The above relationships are read as follows:

At least one customer has placed many orders


At least one order contains many order details
At least one product appears in many order details

When an entity relationship diagram is implemented as a database the entities become tables of
the database and the attributes become the fields of those tables. When the database structure is
written in standard form the table name is followed by the field names written inside a pair of
brackets and the primary key underlined.

The tables of the above database have the following structure:

Customer (Customer ID, Customer Name, Gender, Telephone Number)

Product (Product ID, Product Name, Unit Price)

Orders (Order ID, Order Date, Customer ID)

Order Details (Order ID, Product ID, Quantity Ordered, Expiry Date)

Advantages of using a relational database


7

1. Can minimize data redundancy through normalization

2. Data is consistent because the tables are normalized and one field appears only at one place in
the database. Therefore the data has to be updated only at one place in the database.

3. Data is shared throughout the organization because the database can be implemented as a
central database by installing it in a database server.

4. Improved data security through the implementation of a centralized database

5. Can execute complex queries involving multiple tables

6. Can enforce standards at departmental, organizational, national and international level

7. Can economize on size through centralization and using one very large computer with dumb
terminals or a network of computers.

8. Improved data accessibility because the data is shared

9. Increased productivity through the data handling processes of the database management
system

10. Can create user views of data

11. Can achieve increased productivity using file handling techniques of the DBMS instead of
each application having to have its own procedures

12. Changes to the database structure (adding a field or removing a field from the database) do
not cause applications to be re-written

13. Can achieve improved back-up and recovery through the automatic backup and recovery
features of the DBMS. This avoids the need for a human being to remember to backup the
database each day or week.

What is meant by a multi-access database?

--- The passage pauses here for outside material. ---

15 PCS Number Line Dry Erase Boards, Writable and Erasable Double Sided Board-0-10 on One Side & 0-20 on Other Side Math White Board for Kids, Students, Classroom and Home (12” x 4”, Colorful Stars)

This is a database which is installed on a shared drive of a network computer, called as the
database server. More than one user can connect to this database over the network simultaneously
and access its views, records, tables and other objects and update them concurrently.

Why access rights are implemented on a database?

Access rights are implemented because different users are supposed to access only a part of the
data in the database. For example information which is sensitive and confidential should only be
accessible to those who need them.

In an information system of a hospital, the receptionists should only have access to the contact
information of the patients, but they should not have access to the information about the diagnosis
8

of the disease and the medications prescribed to the patients. The nurses should have access only
to the medications prescribed to the patient, but not to the diagnosis of the disease. The doctors
should have access to all these information including the diagnosis which is the most confidential
information. Here the doctors are said to have the highest level of access to the database.

Access rights are implemented in the database by the database administrator creating different
“views” on data using the features of the DBMS. In the above examples the database
administrator would create three different views: one for receptionists, one for nurses and one
doctors. Each view can be accessed only when those users log on with the authorized user names
and passwords.

The access rights can also be implemented at hardware level. Only those computers in a particular
area of the organization will be given a particular access right. This can be done by setting access
rights using the network interface card id (NIC ID) of the computer.

What is meant by ensuring the integrity of a shared database?

Ensuring the integrity of a shared database means making sure that no data is accidentally lost or
corrupted. The integrity of a shared database can be lost when multiple users simultaneously
update a database and at least one change of data fails to get updated when many users make
simultaneous updates to one particular record.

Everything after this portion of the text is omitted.